Begin with the line containing "Marina (Zig & Sharko ep The Buzz) (3).png" and copy each line exactly through the last line of the entries, inclusive.

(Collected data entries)
== Segment start ==

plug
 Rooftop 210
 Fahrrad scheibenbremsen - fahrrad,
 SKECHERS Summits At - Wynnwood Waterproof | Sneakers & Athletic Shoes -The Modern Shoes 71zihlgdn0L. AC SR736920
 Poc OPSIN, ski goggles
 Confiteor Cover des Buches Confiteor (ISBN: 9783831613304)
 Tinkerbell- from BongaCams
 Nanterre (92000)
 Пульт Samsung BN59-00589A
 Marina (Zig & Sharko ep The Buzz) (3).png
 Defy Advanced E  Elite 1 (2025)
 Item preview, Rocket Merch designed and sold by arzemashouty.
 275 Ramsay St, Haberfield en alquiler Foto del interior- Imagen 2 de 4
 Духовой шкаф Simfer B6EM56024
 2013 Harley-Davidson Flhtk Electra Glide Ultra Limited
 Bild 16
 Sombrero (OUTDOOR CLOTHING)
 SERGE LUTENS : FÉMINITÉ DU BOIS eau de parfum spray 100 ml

== Segment end ==

RESULT >>
 Marina (Zig & Sharko ep The Buzz) (3).png
 Defy Advanced E  Elite 1 (2025)
 Item preview, Rocket Merch designed and sold by arzemashouty.
 275 Ramsay St, Haberfield en alquiler Foto del interior- Imagen 2 de 4
 Духовой шкаф Simfer B6EM56024
 2013 Harley-Davidson Flhtk Electra Glide Ultra Limited
 Bild 16
 Sombrero (OUTDOOR CLOTHING)
 SERGE LUTENS : FÉMINITÉ DU BOIS eau de parfum spray 100 ml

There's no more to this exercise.